Material provided:
__________________________________________________

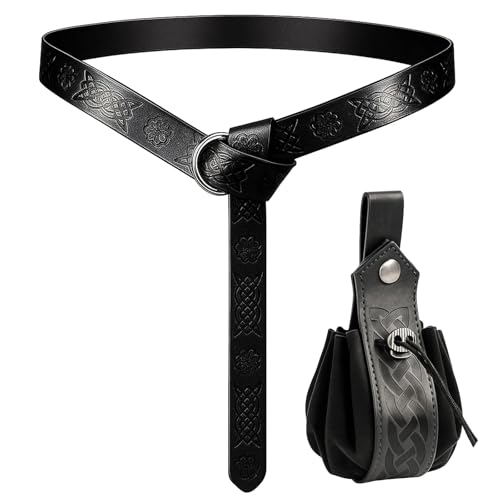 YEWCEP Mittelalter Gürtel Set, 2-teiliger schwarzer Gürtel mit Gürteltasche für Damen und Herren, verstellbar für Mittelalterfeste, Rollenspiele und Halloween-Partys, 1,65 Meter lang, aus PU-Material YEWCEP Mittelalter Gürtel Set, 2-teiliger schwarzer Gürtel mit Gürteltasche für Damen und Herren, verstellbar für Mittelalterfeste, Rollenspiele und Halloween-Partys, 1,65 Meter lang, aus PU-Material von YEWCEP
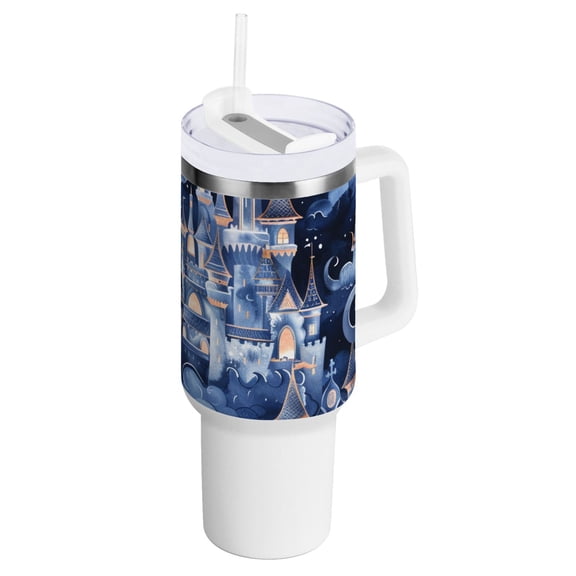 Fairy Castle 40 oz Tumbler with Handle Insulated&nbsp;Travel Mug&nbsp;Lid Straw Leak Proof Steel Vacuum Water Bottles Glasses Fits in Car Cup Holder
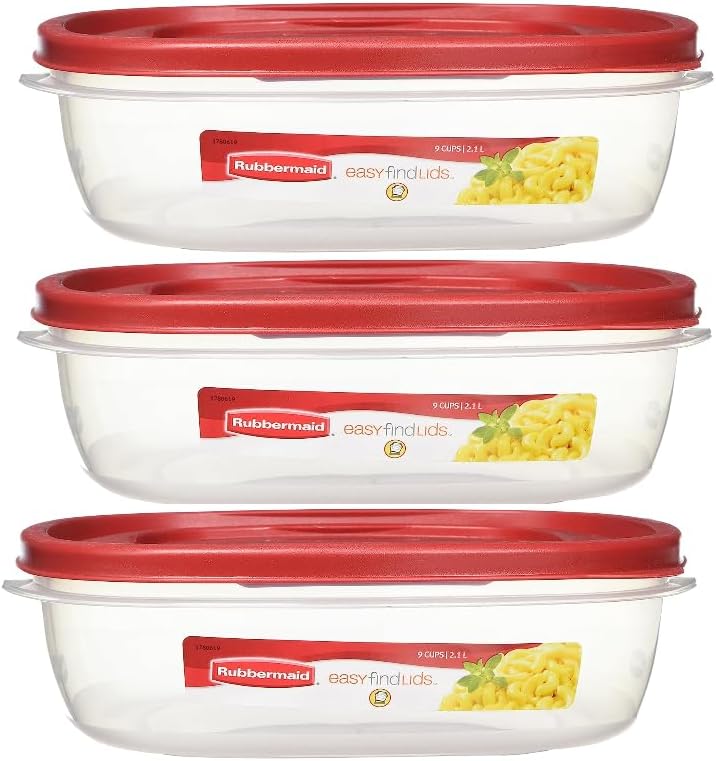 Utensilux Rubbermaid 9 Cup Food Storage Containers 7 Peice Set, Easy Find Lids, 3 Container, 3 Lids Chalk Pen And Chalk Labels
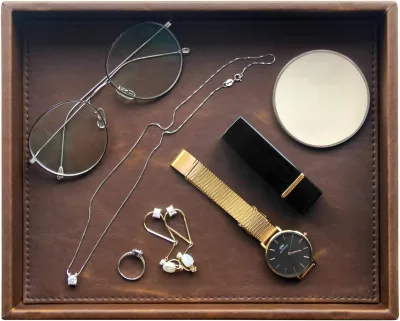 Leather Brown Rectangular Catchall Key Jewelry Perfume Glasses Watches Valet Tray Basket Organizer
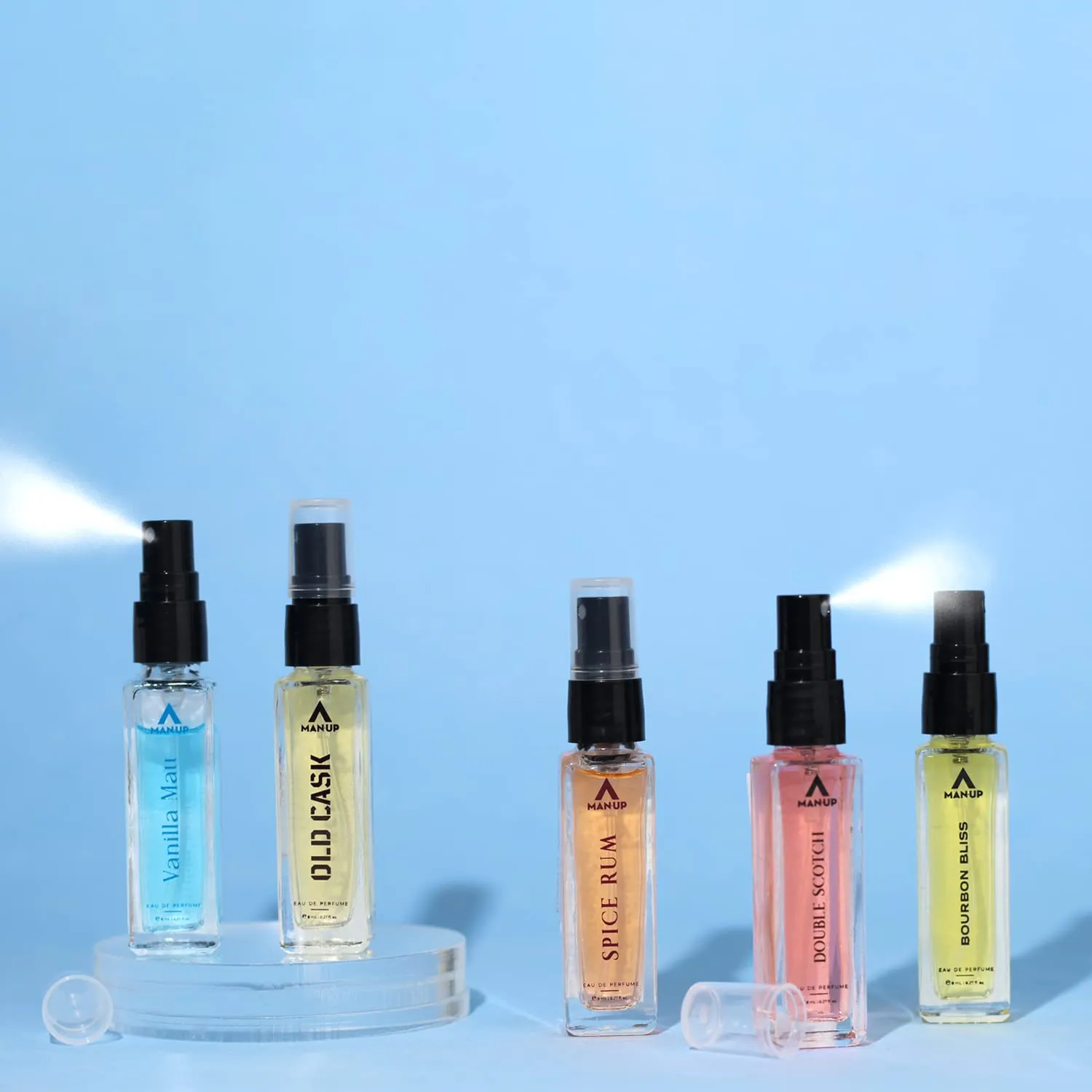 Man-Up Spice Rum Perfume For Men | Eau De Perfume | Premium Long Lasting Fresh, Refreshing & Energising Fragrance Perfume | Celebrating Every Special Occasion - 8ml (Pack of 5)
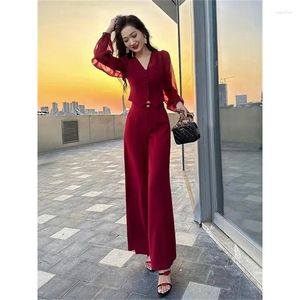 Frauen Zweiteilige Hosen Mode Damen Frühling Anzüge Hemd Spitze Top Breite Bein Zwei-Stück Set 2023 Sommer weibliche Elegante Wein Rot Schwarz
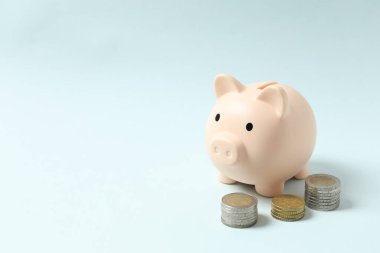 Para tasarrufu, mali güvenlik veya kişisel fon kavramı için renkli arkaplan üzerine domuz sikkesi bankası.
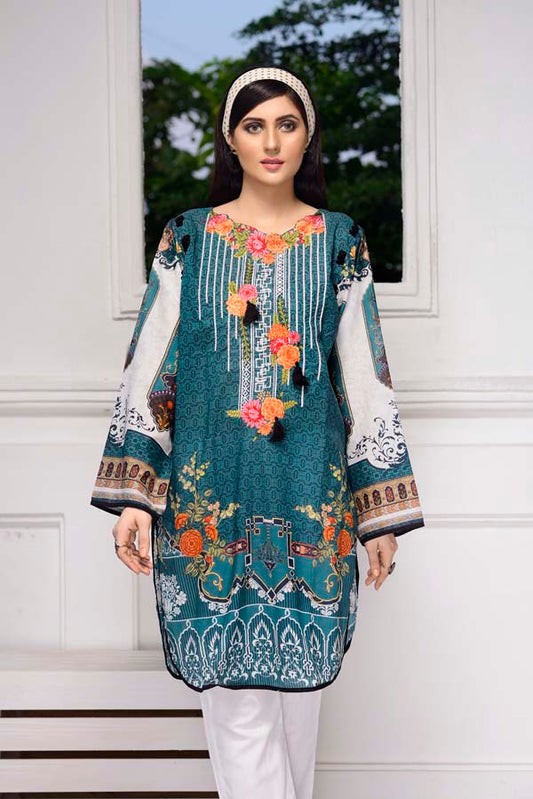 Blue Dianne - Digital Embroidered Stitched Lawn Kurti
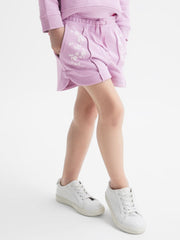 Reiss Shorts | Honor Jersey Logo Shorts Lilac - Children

__________________________________________________

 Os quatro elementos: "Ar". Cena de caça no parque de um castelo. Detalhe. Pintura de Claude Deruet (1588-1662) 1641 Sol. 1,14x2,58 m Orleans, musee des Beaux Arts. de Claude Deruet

__________________________________________________

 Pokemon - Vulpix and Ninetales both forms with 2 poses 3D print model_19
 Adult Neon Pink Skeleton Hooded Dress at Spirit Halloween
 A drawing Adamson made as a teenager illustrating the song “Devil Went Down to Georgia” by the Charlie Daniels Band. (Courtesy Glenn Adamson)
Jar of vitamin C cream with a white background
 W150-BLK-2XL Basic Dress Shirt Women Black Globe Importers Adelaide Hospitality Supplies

__________________________________________________

Aim of the task:
From the listing above, restate verbatim the lines running from the one with "PU-Material von YEWCEP" through the one with "Fairy Castle 40", inclusive, but not the pictures.

Reply:
 YEWCEP Mittelalter Gürtel Set, 2-teiliger schwarzer Gürtel mit Gürteltasche für Damen und Herren, verstellbar für Mittelalterfeste, Rollenspiele und Halloween-Partys, 1,65 Meter lang, aus PU-Material YEWCEP Mittelalter Gürtel Set, 2-teiliger schwarzer Gürtel mit Gürteltasche für Damen und Herren, verstellbar für Mittelalterfeste, Rollenspiele und Halloween-Partys, 1,65 Meter lang, aus PU-Material von YEWCEP
 Fairy Castle 40 oz Tumbler with Handle Insulated&nbsp;Travel Mug&nbsp;Lid Straw Leak Proof Steel Vacuum Water Bottles Glasses Fits in Car Cup Holder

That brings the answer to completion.